Avivando o desconforto russo, muitos dos títulos de jornais evocativos da efeméride contribuíam para secundarizar o colossal esforço soviético para a derrota do nazismo. Tomemos como exemplo o jornal Público. Em notícia de primeira página, na edição de 6 de junho, surgia o título: “Dia D, 75 anos, A II Grande Guerra ganhou-se aqui, nas praias da Normandia”. Acusando o toque, Alexander Bryantsev, conselheiro da embaixada da Rússia em Lisboa, não desdenhou lavrar o seu mitigado protesto em carta ao diretor do Público (8.6.2019). O protesto de Bryantsev quase surge como um apelo a que os vinte e seis milhões de soviéticos perecidos na guerra germano-russa de 1941-45 não sejam de alguma forma apagados da grande tela histórica da Segunda Guerra Mundial, de forma “pseudoestalinista”, poder-se-ia ironizar, se o assunto não fosse tão trágico. Na edição do dia 9 do mesmo jornal, Teresa de Sousa, sob o título “Convém nunca esquecer a História”, referia o esforço russo na frente Leste, mas considerava que foi nas praias da Normandia que se “iniciou o caminho da libertação da Europa do poder nazi”. Terá sido assim? Não estará a esquecer-se algo da História? E não foi a batalha de Estalinegrado (agosto de 1942-final de janeiro de 1943) crucial, ao ponto de ser geralmente considerada como ponto de viragem do conflito europeu? E a gigantesca batalha de Kursk (julho de 1943) – o maior confronto de blindados de toda a guerra – não quebrou definitivamente a espinha à veleidade ofensiva da Wehrmacht na Rússia?

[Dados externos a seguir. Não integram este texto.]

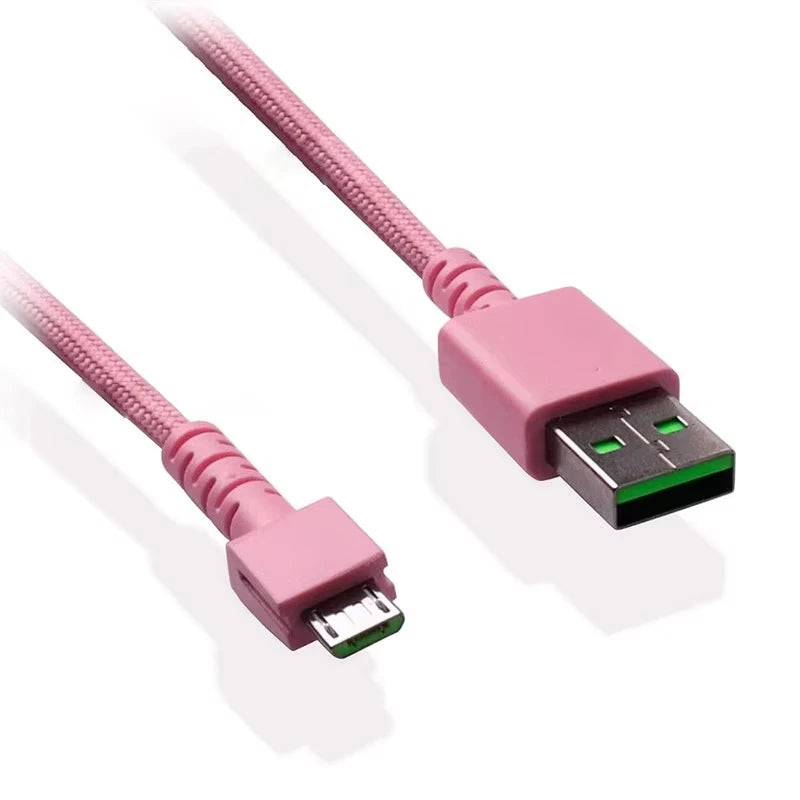 For Viper Ultimate Wireless Gaming Mouse Viper Pro V2, Basilisk Ultimate Special USB Data Cable Charging Cable Accessories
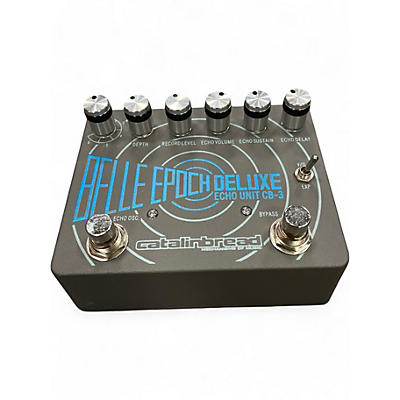 Used Catalinbread Belle Epoch DELUXE Effect Pedal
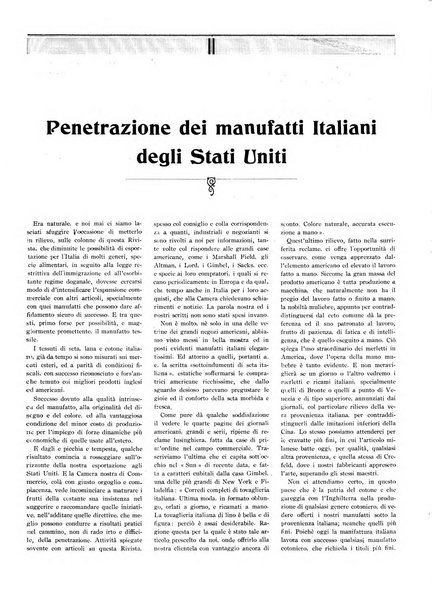 L'Italia nelle industrie e nei commerci rassegna mensile del Movimento economico in Italia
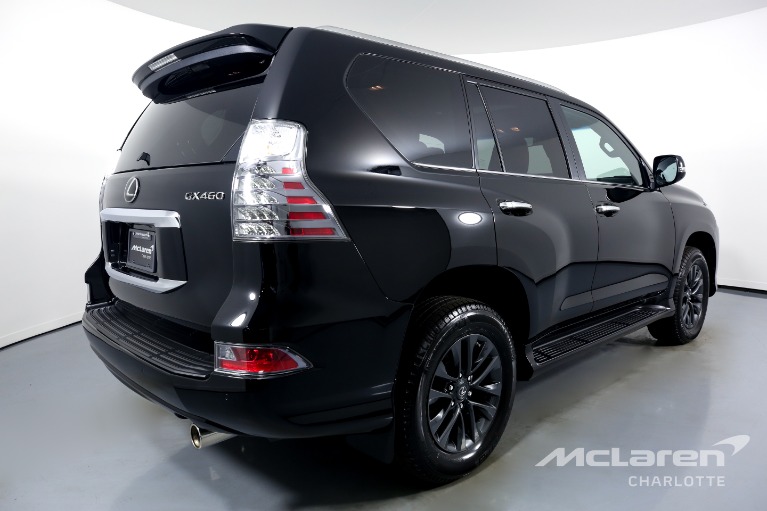 Used-2021-Lexus-GX-460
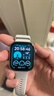适用华为fit3保护膜fit4手表膜watchfit4pro钢化膜表膜手环运动全屏贴膜智能新款屏幕配件水凝膜代 华为FIT4【热弯陶瓷膜】超清1片-送贴膜包 实拍图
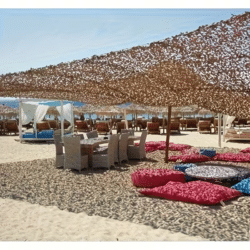 camo netting 2x3m fas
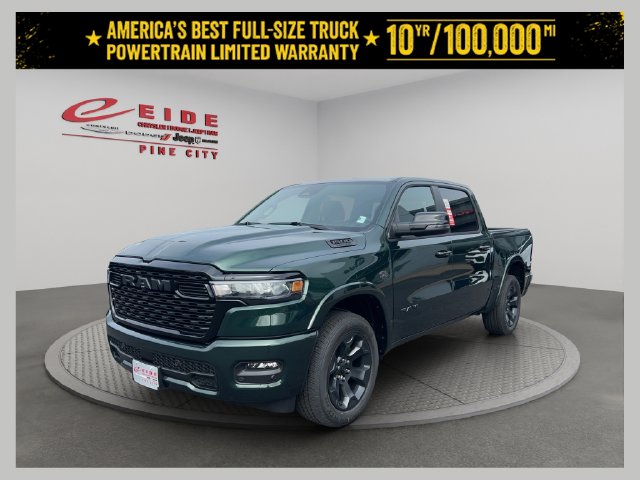 New 2027 Ram 1500 Big Horn Night Edition Pickup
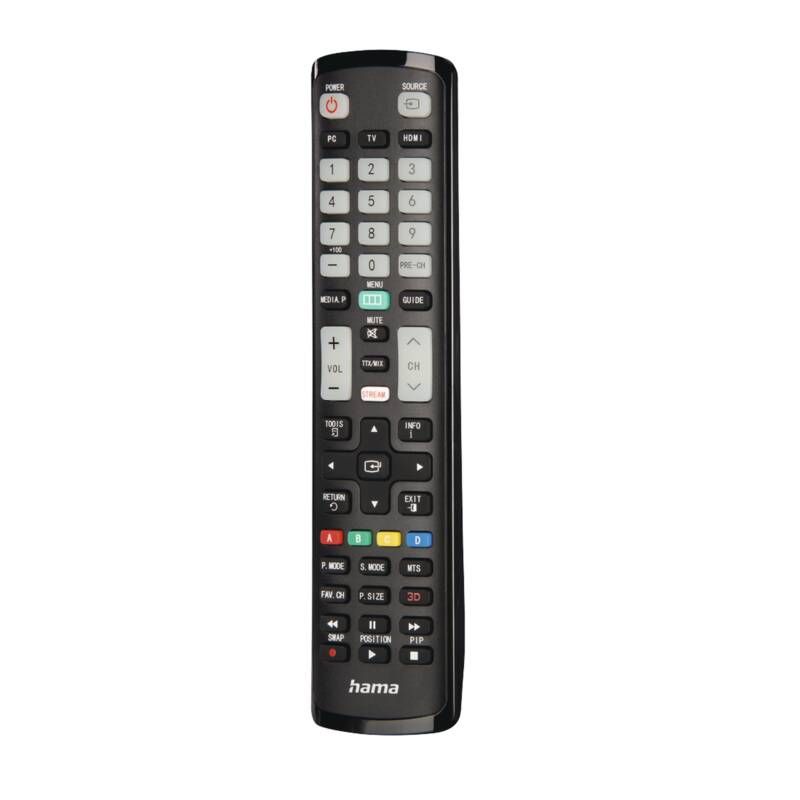 Hama 221060 1:1 Fernbedienung für Samsung TVs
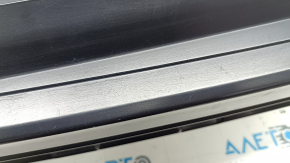 Бампер задний голый нижняя часть Honda CRV 23-26 HEV Sport, структура, царапины
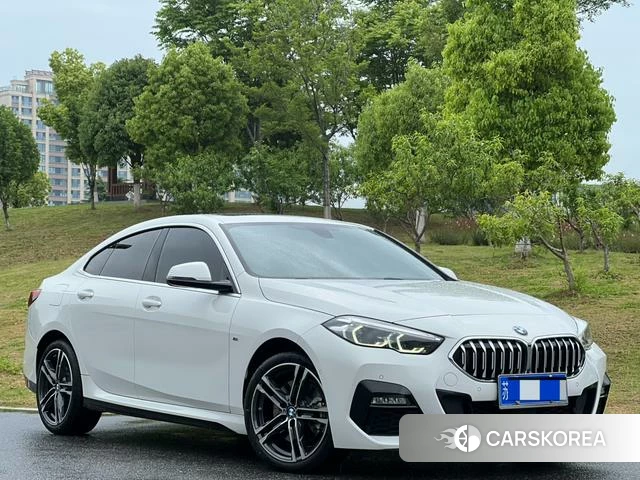 BMW 2 series 2021 Белый из Китая, фото 4
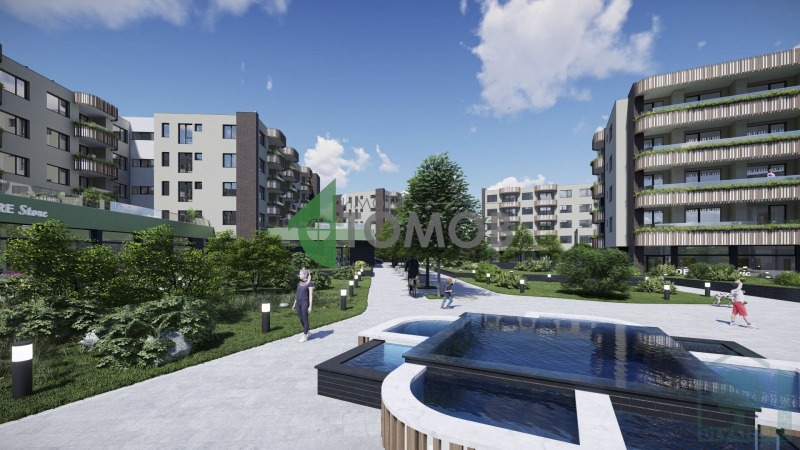 À venda  2 quartos Chumen , Trakiia , 111 m² | 20919345 - imagem [2]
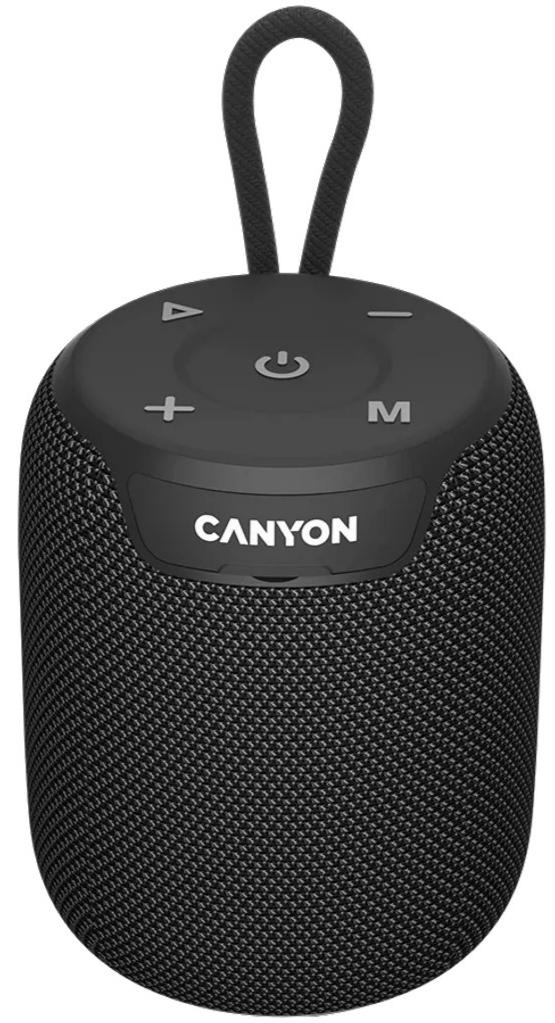 Беспроводная колонка Canyon OnMove 9 TWS, Black (CNE-CBTSP9)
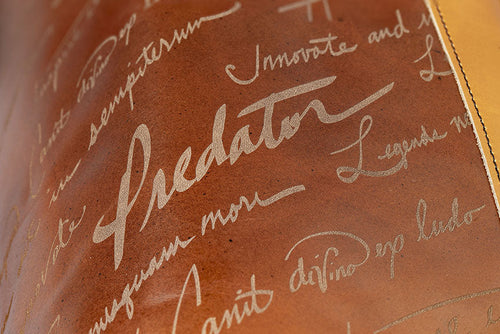 Predator Limited Edition Legacy 2x4 Soft Pool Cue Case - Light Brown 8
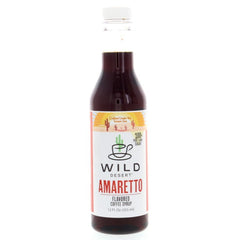 Amaretto Coffee Syrup - Hypothermias.com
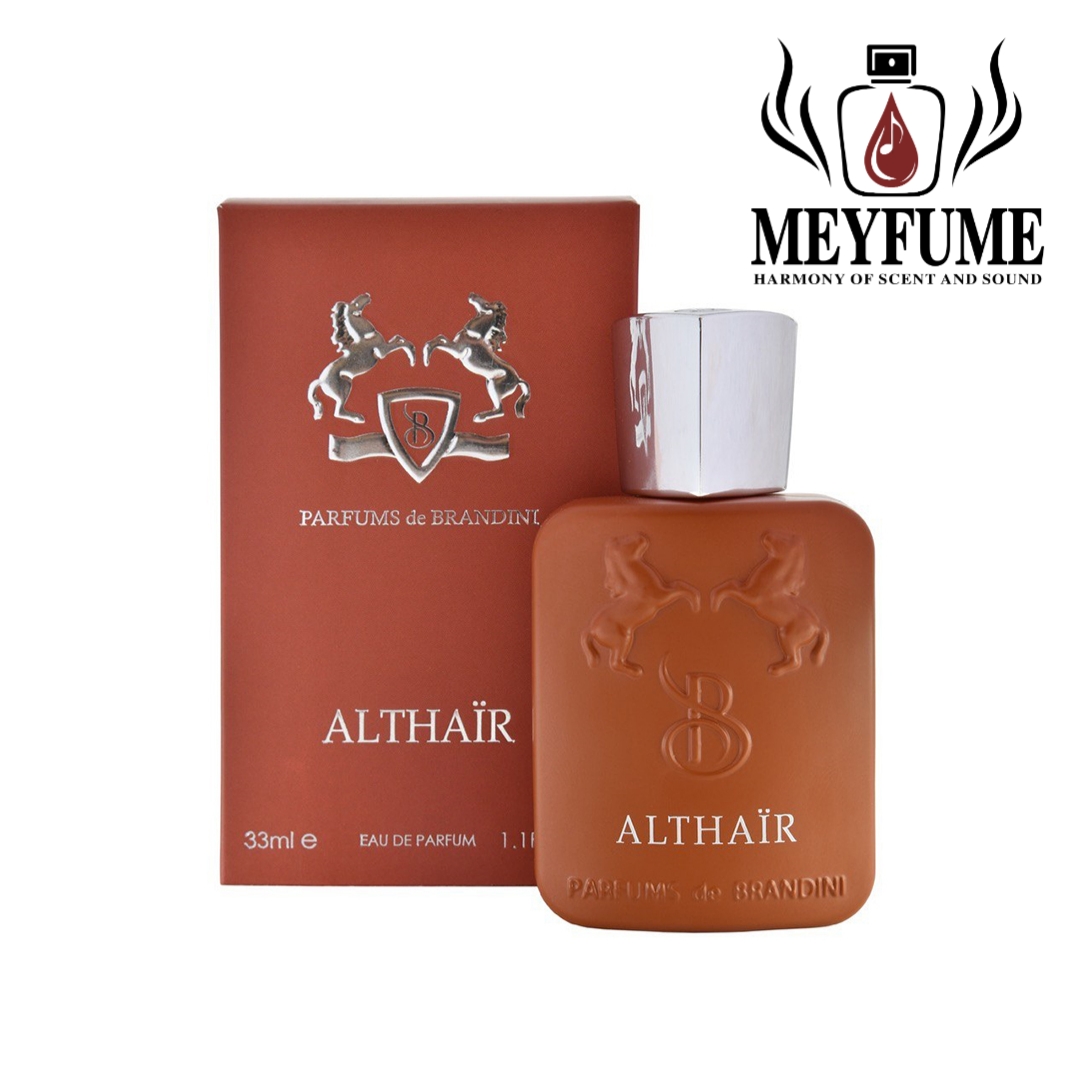 «سلطان شیرینی تاریک – Althaïr Brandini»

Querendo-se respeitar a verdade histórica, evoque-se, de forma tão isenta quanto possível, a situação militar vivida na Europa no decurso do final da primavera e do verão de 1944, meses em que a Alemanha esteve muito próxima do colapso. Dois dias antes do grande desembarque na Normandia, Roma fora declarada cidade aberta às forças anglo-americanas, para alívio dos seus habitantes de então e de todos os europeus vindouros, herdeiros do singular património da “cidade eterna”. No entanto, o terreno montanhoso e a barreira dos Alpes, esta intransponível para grandes operações de guerra moderna, secundarizariam o teatro italiano até ao final do conflito. O mesmo não acontecia com o noroeste da França, onde começa a grande planície europeia, plataforma ideal para cravar, a algumas centenas de quilómetros de distância apenas, um golpe fatal ao Reich no Ruhr, o seu coração industrial – a distância em linha reta entre Caen e Colónia é de cerca de 550 km. No entanto, aquelas centenas de quilómetros seriam penosamente percorridas e o Reno só seria atravessado em março de 1945, nas semanas finais da guerra, com a resistência alemã na frente ocidental já então em colapso. Por essa altura, a ideia inconfessada de muitos militares alemães – desincentivados da luta pelas populações locais, mas, ao mesmo tempo, receosos da justiça sumária de fanatizadas forças de segurança nazis – era facilitar, ou, pelo menos, não dificultar em demasia o avanço anglo-americano no território germânico, por forma a minimizar a extensão da incursão soviética vinda do Leste.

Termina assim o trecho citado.